É preciso ver os programas de regularização fundiária, de locação social, a aplicação da lei de IPTU progressivo, ou seja, temos que apontar para frente, passar por cima desse entulho burocrático que impede ações efetivas de acontecerem mais rápido. Essa é a grande questão.

Como o senhor analisa a questão do déficit habitacional e as tentativas de atenuar essa questão?

Um dos grandes problemas da política pública de habitação de interesse social no Brasil — e isso não é só em São Paulo — é que durante muitas décadas, pelo menos uns 50 anos, o país vem apostando em uma única solução para um problema que é complexo e demanda várias soluções. A solução encontrada foi fazer casa barata em terreno barato, longe dos centros urbanos, longe da infraestrutura urbana consolidada.

Esse modelo não é um modelo que serve para resolver todos os problemas. Ele não pode ser descartado, mas não é o único. Precisamos ter outros modelos de projetos, de unidades, e outros modelos de posse, de ocupação, por exemplo, as locações sociais. O aluguel social pode ser muito mais efetivo, abrangente e eficaz em determinados casos, do que a construção de conjuntos em terrenos baratos e distantes. Então, o equívoco foi ter apostado sempre em uma única solução.

Por que a questão da habitação popular é uma questão que afeta a todos?

Isso é um aspecto muito importante porque há ainda uma compreensão equivocada da sociedade — dos mesmos que culpabilizam os movimentos dos moradores pela tragédia — de que o beneficiário da política pública de habitação social é quem recebe a unidade. Não é verdade. Esse é o beneficiário primeiro, o visível.

O beneficiário, na verdade, somos todos nós, mesmo quem não precisa de uma unidade. Isso porque em uma cidade, onde a esmagadora maioria mora adequadamente, a qualidade de vida é maior para todos. As cidades funcionam melhor, a economia funciona melhor, os serviços funcionam melhor e assim as pessoas vivem melhor.

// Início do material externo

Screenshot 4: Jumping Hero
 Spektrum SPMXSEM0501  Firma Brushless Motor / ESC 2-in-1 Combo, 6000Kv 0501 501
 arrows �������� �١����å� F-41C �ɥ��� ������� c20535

Na realidade, quando a gente fala isso, é a mesma coisa que dizer que a política pública de segurança pública não é só para quem foi assaltado. Não é só para o sujeito que, em uma emergência, precisa do guarda, da polícia. A política pública de segurança pública é para que todos nós tenhamos segurança e qualidade de vida, não é isso? A política pública de habitação social é a mesma coisa.